Accell Group en faillite : Lapierre et Babboe entraînés

Le séisme de la semaine se joue à vélo. Accell Group, conglomérat néerlandais qui abrite notamment le français Lapierre et le spécialiste du vélo cargo Babboe, s’effondre. On avait connu le vélo électrique en pleine euphorie post-Covid ; on le retrouve en gueule de bois industrielle, victime d’une demande qui s’est repliée aussi vite qu’elle avait gonflé, et de stocks constitués pour un marché qui n’est jamais venu.

Pour le propriétaire d’un Lapierre ou d’un Babboe, la question immédiate est celle du service après-vente : garantie, pièces détachées, réseau de réparateurs. Tant que la procédure n’a pas désigné de repreneur, ces réponses restent suspendues. Qu’on nous permette de nous étonner, au passage, que l’on ait bâti une filière européenne du cycle sur des prévisions de croissance dignes des plus beaux prospectus, sans jamais poser la question du jour où la musique s’arrêterait.

Onduleurs solaires chinois : Washington ferme la porte

Outre-Atlantique, les États-Unis ont décidé d’écarter certains onduleurs solaires chinois de leur réseau électrique. L’onduleur, ce boîtier discret qui transforme le courant continu des panneaux en courant alternatif utilisable, est aussi la porte d’entrée logicielle de l’installation ; c’est précisément ce qui inquiète Washington, dans un contexte où la sécurité des infrastructures énergétiques est devenue une ligne rouge géopolitique.

La décision américaine n’engage pas l’Union européenne, mais elle pèsera sur les débats à venir : la Chine domine la fabrication mondiale de composants photovoltaïques, et l’Europe devra à son tour trancher entre coût, souveraineté et sécurité. Pour le particulier qui envisage une installation, aucune conséquence directe et immédiate en France à ce stade ; pour la filière, un signal de plus que le solaire n’est pas qu’une affaire de kilowatts.

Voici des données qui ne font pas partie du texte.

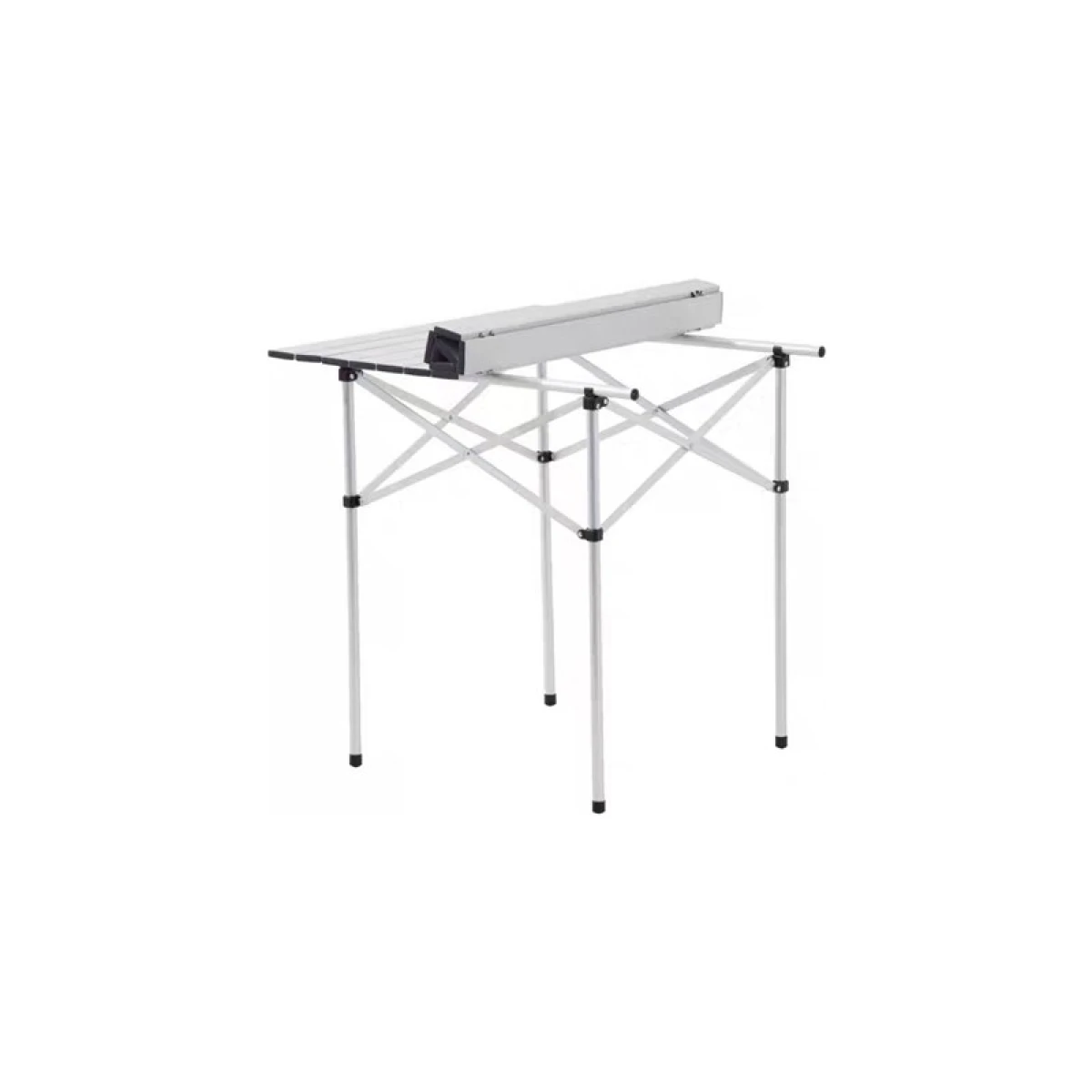 Joystar Alüminyum Katlanabilir Piknik/Kamp Masası 70x70x70 cm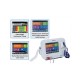 Riester RVS-100 blood pressure monitor with oximeter and thermometer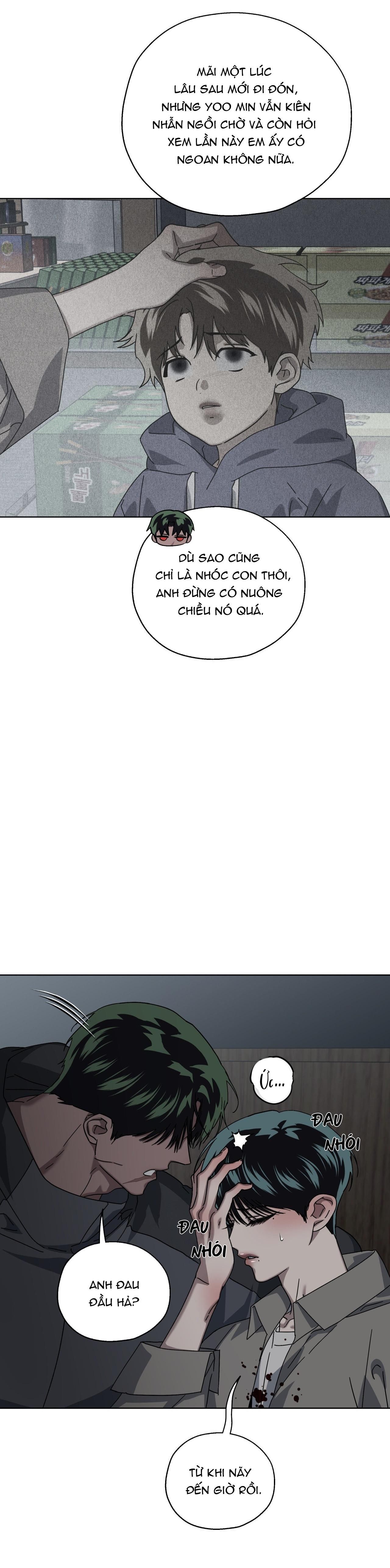 đọc truyện Vực Sâu  Thẳm Chương 55 ảnh 8 tại Thiên Thai Truyện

Ce qu’il faut retenir, et surveiller

Trois nouvelles, un même fil : la transition électrique quitte l’âge des promesses pour entrer dans celui des arbitrages. Autonomies qui bougent, filières qui se restructurent, chaînes d’approvisionnement qui se politisent. À surveiller dans les prochaines semaines : le sort réservé aux clients Lapierre et Babboe une fois la procédure Accell clarifiée, et la position que prendront les autorités européennes sur les équipements solaires chinois après la décision américaine.